Heute wird das von CDU/CSU und FDP im Bundestag beschlossene Leistungsschutzrecht Gesetz. Die SPD lehnt es ab, ist aber nicht in der Lage, im Bundesrat ihre Mehrheit zu nutzen, um den Vermittlungsausschuss anzurufen, weil sie meint, das dies auch nichts bringen würde. Das ist eine fatale Fehleinschätzung und reiht sich nahtlos ein in die fatalen Fehleinschätzungen bei den Netzsperren und der Vorratsdatenspeicherung. Niemand erwartet von CDU/CSU und der FDP einen netzpolitischen Sachverstand, der über die Wahrung von Partikular-Interessen hinausgeht. Niemand. Von der SPD allerdings hat man schon immer mehr erwartet als von anderen Parteien. Man erwartet ein bedingsloses Einstehen für den kleinen Mann, man erwartet einen besseren moralischen Kompass und man erwartet das Festhalten an Prinzipien. Im Fall des Leistungsschutzrechts von Union und FDP erwartet man von der SPD zurecht, dass sie sich auf die Hinterbeine stellt, dass sie macht und tut, dass sie zeigt, dass sie dieses Gesetz völlig überflüssig findet und dass sie sich dabei verausgabt, es zu verhindern. Es mag sein, dass das Anrufen des Vermittlungsausschusses nur Symbolpolitik ist und dass das Leistungsschutzrecht aufgrund der Mehrheitsverhältnisse im Bundestag nicht mehr aufgehalten werden kann, aber ganz ehrlich, dass spielt doch gar keine Rolle. Die Menschen erwarten nicht nur ordentliches Regieren, sie erwarten auch Opposition mit Rückgrat, Witz, Raffinesse, Vehemenz und Standhaftigkeit. Von der SPD wird immer, und das völlig zu Recht, erwartet, dass sie auch den hoffnungslosesten Kampf aufnimmt, wenn sie für die richtige Sache kämpft. “Wir können es eh nicht ändern!” ist keine gute Triebfeder für die Politik im Allgemeinen und erst Recht nicht für die SPD. Ach ja, und der Hinweis, dass nach der Bundestagswahl die rot-grüne Bundesregierung das Leistungsschutzrecht sofort kassieren würde, ist allerfeinste Symbolpolitik, aber das nur am Rande.

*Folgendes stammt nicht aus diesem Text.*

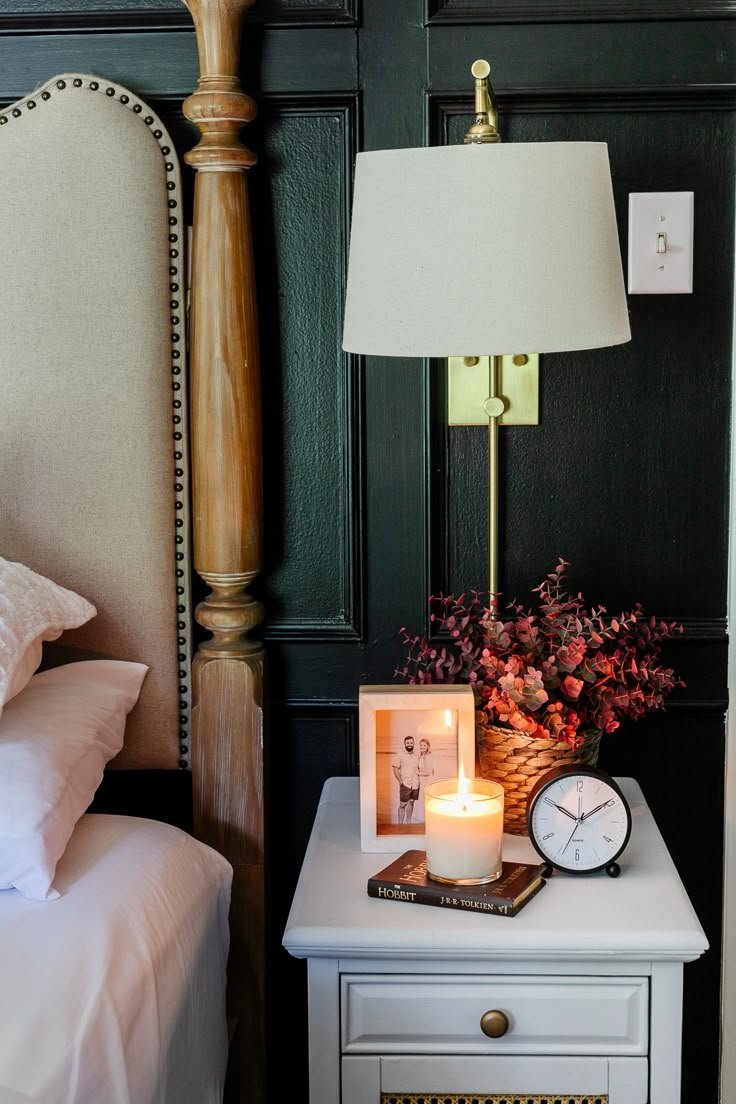 a nightstand with a clock, lamp and flowers on it next to a night stand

Wenn man es sich jetzt nicht mit den Verlagen verscherzen will, dann wird eine Ankündigung, es nach den Wahlen tun zu wollen, auch nicht ernst genommen, abgesehen davon tut die SPD gerade alles, dass es nach der Bundestagswahl eher nicht auf rot-grün hinauslaufen kann.

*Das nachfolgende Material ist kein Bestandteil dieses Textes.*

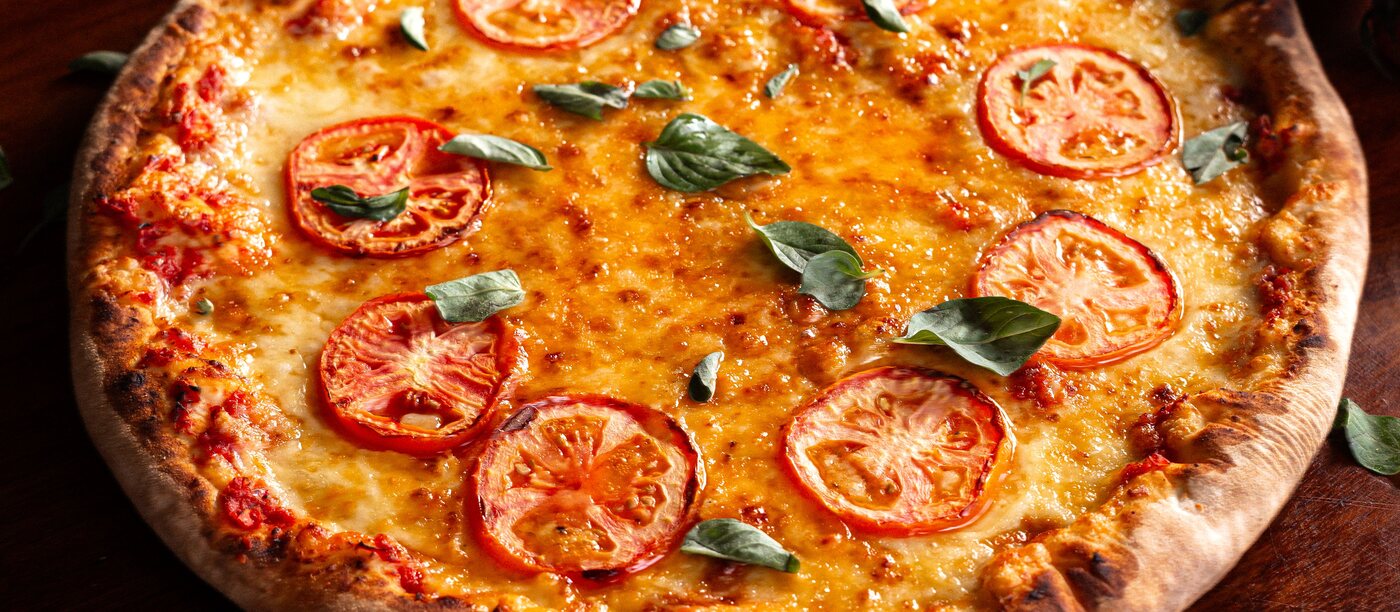Hele pizza met tomaat, gesmolten mozzarella en basilicum — representatief beeld.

Für mich ist das Leistungsschutzrecht nicht nur ein überflüssiges Gesetz, sondern es zeigt auf, wie wenig wir in der Lage sind, die Herausforderungen der Digitalisierung gestalterisch zu nutzen, da wir uns Stattdessen die Rückzugsgefechte der Besitzstandswahrer aufdrängen lassen. So kommen wir nicht weiter in diesem Land, so nicht.